Transcribe all of the data exactly. Omit the pictures.
Start of INFORMATION SUPPLIED
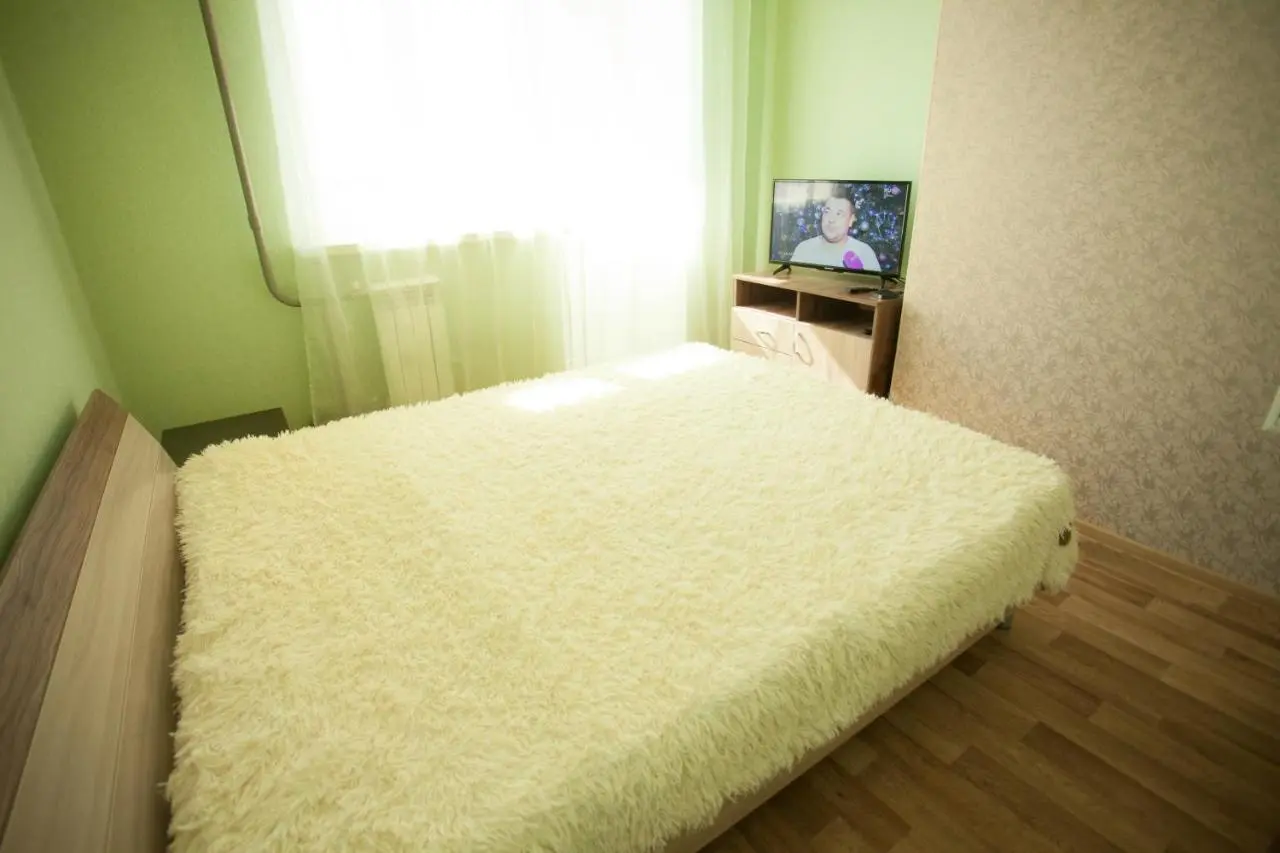 Тюмень: Квартирка возле ТЦ Кристалл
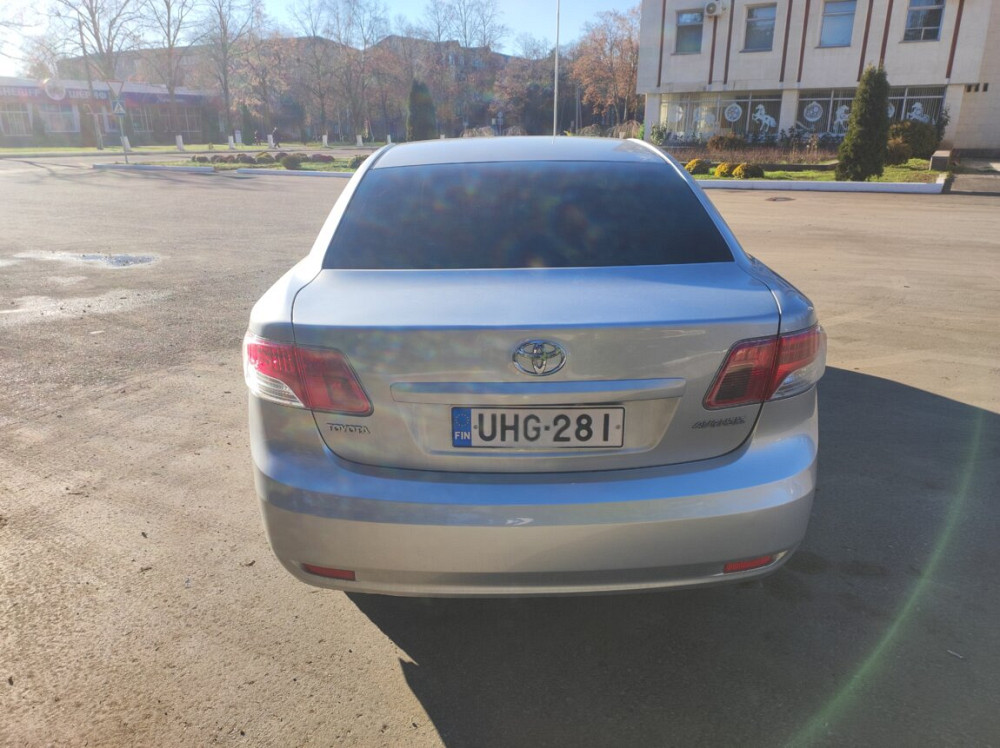 Toyota Avensis 2011 год Каменка Каменка - изображение 4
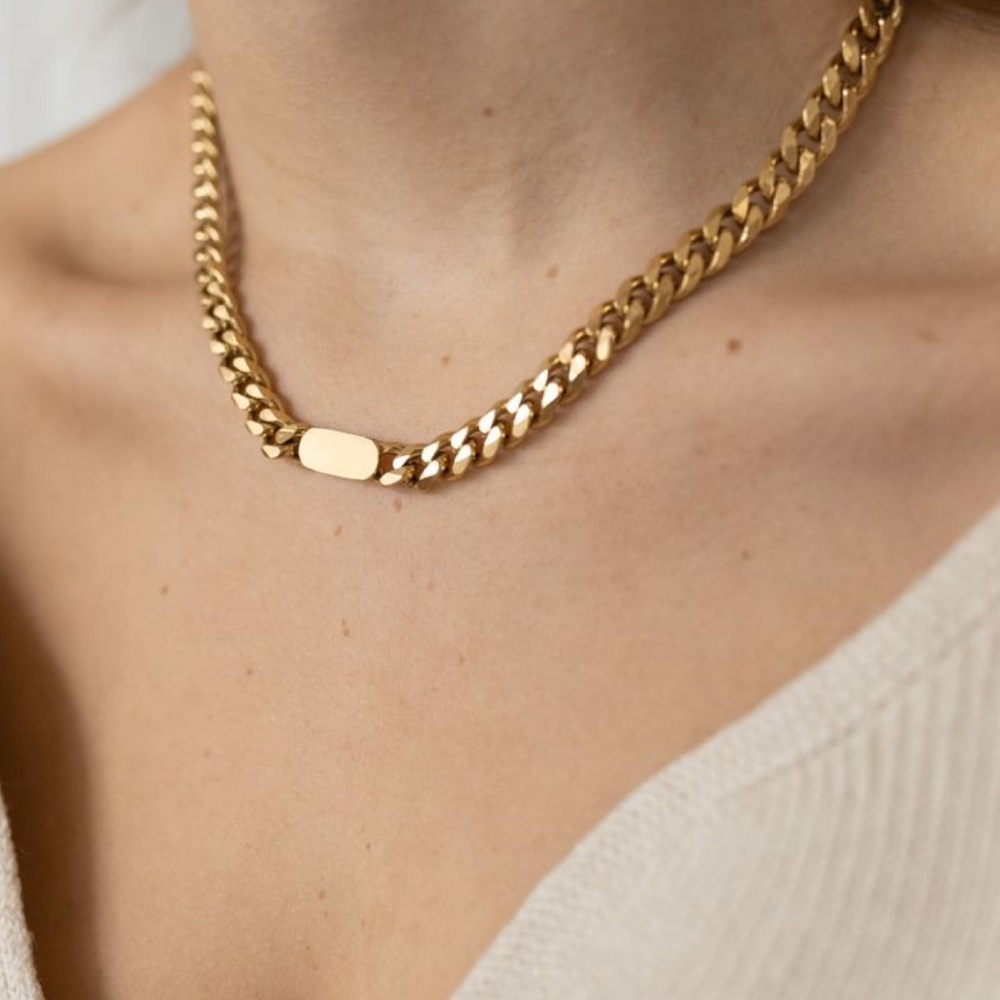 Gold Curb Chain Necklace with Oval Plate - Women's Jewelry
End of INFORMATION SUPPLIED
## WRITTEN SOLUTION:
 Тюмень: Квартирка возле ТЦ Кристалл
 Toyota Avensis 2011 год Каменка Каменка - изображение 4
 Gold Curb Chain Necklace with Oval Plate - Women's Jewelry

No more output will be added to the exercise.